Le Sénat a adopté conforme un grand nombre de nos positions. C'est pourquoi nous ne sommes plus saisis de la précision de la définition du viol, ni de la refonte du délit d'exhibitionnisme, ni non plus des règles de fonctionnement du fichier judiciaire automatisé des auteurs d'infractions sexuelles.
Je dirai un mot sur la question de la prescription – une disposition également votée conforme. C'est un point que plusieurs d'entre vous ont souligné en commission, je pense notamment à nos collègues Savignat et Houbron. En tant que juriste, je suis attachée à la prescription en son principe et à la sécurité juridique. En tant que femme politique et citoyenne, je nourris comme chacun ici une exigence de justice pour les victimes et de sanctions contre les auteurs. Or le système proposé concilie ces deux impératifs contradictoires. Nous arrivons au bout des aménagements possibles, c'est la dernière extension : un pas de plus signifierait l'imprescriptibilité. Il faut en être conscient.
Je suis heureuse que, par le recours à la connexité, nous utilisions un mécanisme connu des magistrats et de la jurisprudence, donc opérationnel.
Sur les questions fondamentales de l'âge du consentement à 15 ans et de la disposition dérogatoire l'établissant à 18 ans en cas d'inceste, le Sénat s'est rangé à nos positions, sans toutefois voter en termes identiques les articles correspondants. À l'article 1er , les sénateurs ont voulu rédiger au mieux la sanction de la sollicitation d'une prostituée mineure de moins de 15 ans, sanction que nous avions accrue en séance publique. Je suivrai pleinement cette reformulation. Une telle sollicitation sera, je le rappelle, assimilée à un viol sur mineur. Dit plus clairement : l'adulte qui aura une relation sexuelle dans un cadre prostitutionnel sera passible d'une peine de vingt ans de réclusion criminelle – personne ne pourra prétendre que le Parlement aura éludé le sujet.
Le Sénat a également admis notre dispositif relatif au viol incestueux sur mineur et notre exigence d'une autorité de droit ou de fait pour distinguer l'auteur de la victime. Je sais que ce point a été mal compris par certains, notamment par les sénateurs du groupe Socialiste, écologiste et républicain, et que les échanges ont été parfois un peu rudes. Je ne cesserai donc de m'expliquer et de me répéter. Imputer la culpabilité d'une relation sexuelle avec un mineur de 15 ans à un majeur c'est une chose, car le majeur a l'ascendant de l'adulte sur l'enfant, il est structurellement en position de domination. Entre un homme de 60 ans et un enfant de 14 ans, nous savons tous qui doit par principe porter pénalement la responsabilité.

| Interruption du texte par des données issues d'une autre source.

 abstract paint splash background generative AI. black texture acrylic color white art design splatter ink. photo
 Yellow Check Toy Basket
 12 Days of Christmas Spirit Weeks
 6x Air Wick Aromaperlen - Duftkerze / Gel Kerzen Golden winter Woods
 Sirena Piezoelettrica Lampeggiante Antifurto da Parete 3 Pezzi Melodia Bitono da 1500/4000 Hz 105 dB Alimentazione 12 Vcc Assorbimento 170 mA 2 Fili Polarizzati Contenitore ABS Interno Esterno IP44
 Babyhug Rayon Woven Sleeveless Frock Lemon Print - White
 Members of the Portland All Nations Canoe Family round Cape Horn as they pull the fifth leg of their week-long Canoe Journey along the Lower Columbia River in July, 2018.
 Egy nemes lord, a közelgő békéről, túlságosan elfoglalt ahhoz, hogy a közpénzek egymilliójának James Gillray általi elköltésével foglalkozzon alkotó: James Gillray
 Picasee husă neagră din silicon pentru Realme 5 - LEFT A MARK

Mais dans une fratrie dont l'un est majeur et l'autre âgé de 15 à 18 ans, cette position de domination automatique n'existe pas. Il faut par conséquent que les magistrats puissent examiner les faits et les qualifier comme il se doit. Si des faits incestueux sont commis entre une sœur de 18 ans et un frère de 16 ans, personne ne peut affirmer qui doit être par principe pénalement responsable. Prétendre le contraire est une faute de raisonnement et une faute morale, mais c'est aussi inconstitutionnel. En outre, il est important de rappeler que, même dans le cas où il n'y aurait pas autorité de droit ou de fait, le juge pourra qualifier d'incestueux les agressions sexuelles et les viols commis par un membre de la famille – je tiens à le préciser car j'ai entendu quelques confusions sur ce point. Enfin, le Sénat a considéré que l'exigence d'une différence d'âge de cinq ans confortait le dispositif.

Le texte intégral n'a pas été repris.